In the last few years, the number of missions devoted to universe exploration has increased. Predictions show that the amount of missions in the current decade is expected to be almost three times the amount of missions in the previous one, without considering low-cost and low-weight missions, like the ones including CubeSats. Therefore, the total quantity of electronic devices and the job complexity assigned to them is increasing as well.

Electronic devices must be tailored to work reliably, whatever the purpose of a spacecraft, from the smallest one to a complete rover exploring another planet. Particularly, this concept holds in a complex environment like space, where there are many disturbances such as diverse temperature variations or radiations. The latter is one of the most common causes of failure in spacecrafts and the greatest enemy of electronic components. Thus, a system needs to be as dependable as possible. The dependability of a system is mainly affected by aspects like reliability, availability and safety, especially for space applications.

Nowadays, FPGAs are increasingly being used in aerospace applications due to their flexibility: this is a key aspect of the success of missions because of their high costs, high duration and high complexity. As an example, the Mars Perseverance Rover is almost based on FPGAs. As an example, in the rover's architecture, an FPGA can be found in the automatic entry unit. This unit is responsible for the automatic entry, descent and landing on Mars. Once the rover is landed, it would be useless and would become dead hardware. However, it is based on FPGA hardware so it has been reprogrammed by NASA engineers from Earth to handle computer vision tasks.

Consequently, this thesis aims to study and develop some techniques to mitigate errors induced in soft-cores by "Single Event Upset" faults, which are very common, especially in FPGAs. This area of interest is particularly crucial because complex software, like operating systems, running on top of this hardware, that may be faulty, can create uncoverable and dangerous situations.

Before going deep into the argument, the thesis starts by explaining what an FPGA is, its differences from ASICs and the reason why the space industry is moving towards this technology.

Furthermore, Chapter 2 introduces some concepts about radiations on electronic devices, how are they classified and what effects they can cause on a system. In addition to that, Chapter 3 introduces, with a great level of detail, all the tools and techniques used.

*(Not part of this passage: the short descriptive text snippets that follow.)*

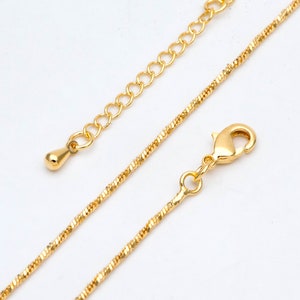 Dainty Gold Twist Snake Chain Necklace 1.2mm, Finished Necklace with Extender Chain, Ready to Wear, 17-19 Inch Adjustable (#LK-492)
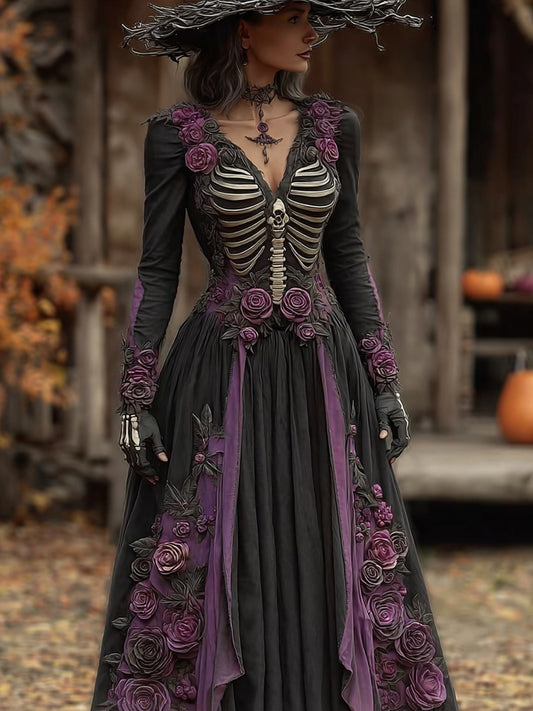 Comstylish Vintage Skeleton & Roses Embroidered V Neck Maxi Linen Dress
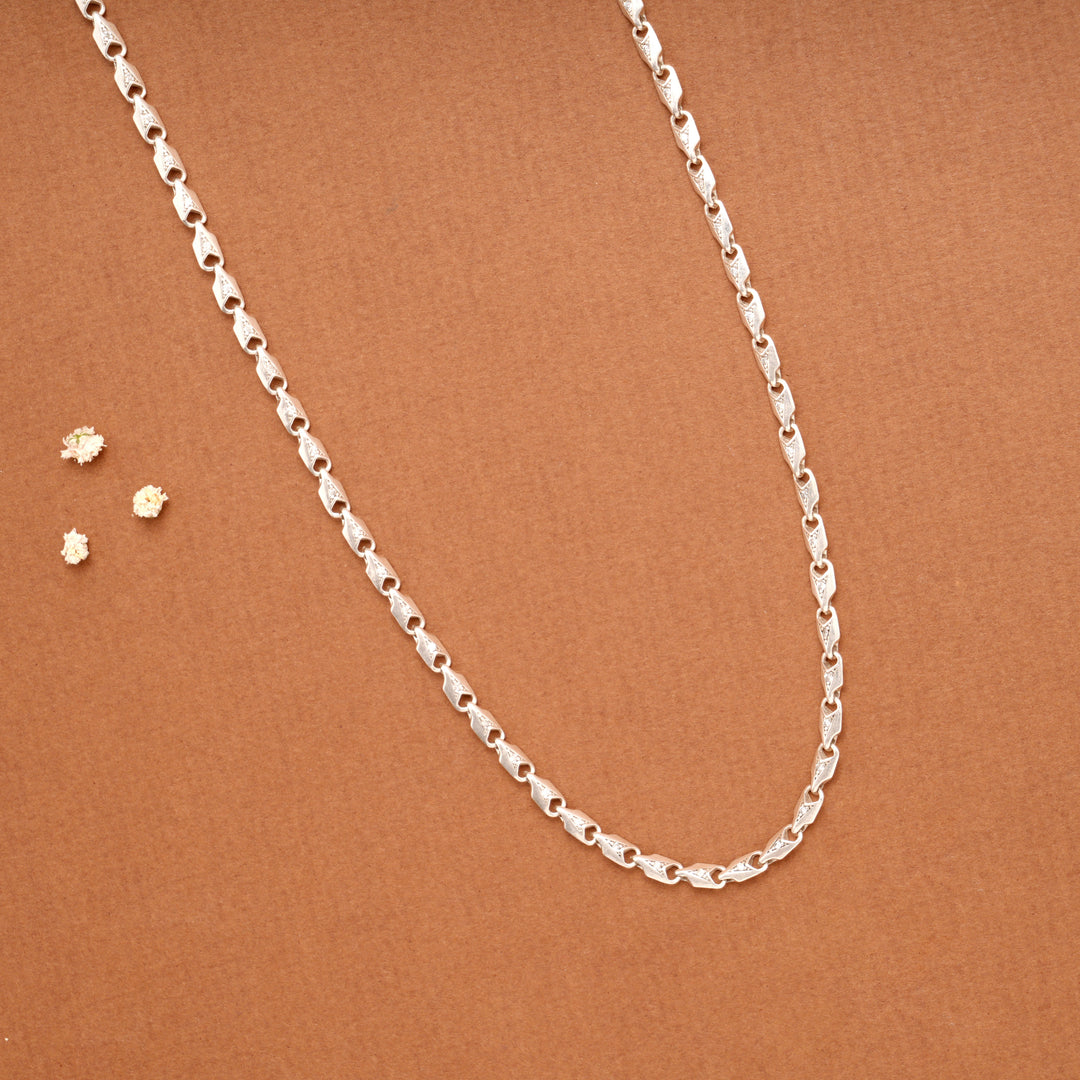 Leaf Shaped Link Silver Men’s Chain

The main purpose behind this chapter is to give to the reader a deeper knowledge of the arguments treated in this thesis work and to be able to recreate the proposed solution in the future, in almost a straightforward way.

After that, the reader should be capable of understanding all the concepts that are mentioned in the main chapter of this thesis. Indeed, Chapter 4 analyzes different solutions that have been taken into consideration. The advantages and disadvantages of each solution are also discussed. Without entering into many details, the proposed solution aims to detect faults caused by SEUs in the Xilinx Microblaze CPU by using a custom peripheral. The custom peripheral has been developed in order to be fault-tolerant itself thanks to a Triple Module Redundancy design.

Finally, when a fault is detected, a partial reconfiguration of the FPGA is triggered. This action consists of a partial scrubbing of the configuration memory of the FGPA, in the area where the MicroBlaze physically is. This is achieved by the usage of a partial bitstream, to restore the original behavior. The partial reconfiguration allows for achieving a faster downtime, and consequently a higher availability of the system. This process is entirely managed by the DFX (Dynamic Function Exchange) Controller IP, offered by Xilinx. The DFX Controller loads the configuration file from the memory and sends it to the configuration port of the FPGA.

Moreover, a custom workflow has been developed to allow partial reconfiguration of a MicroBlaze in an older version of Vivado. Additionally, a custom script has been developed based on this workflow, thus providing designers and developers an easy and most automatized way to convert an existing Xilinx design into a design that supports the partial reconfiguration of the Microblaze.

To conclude, Chapter 5 and Chapter 6 are devoted to the analysis of the results coming from this work and the analysis of the possible implications, applications and future work that can be done addressing further research interests.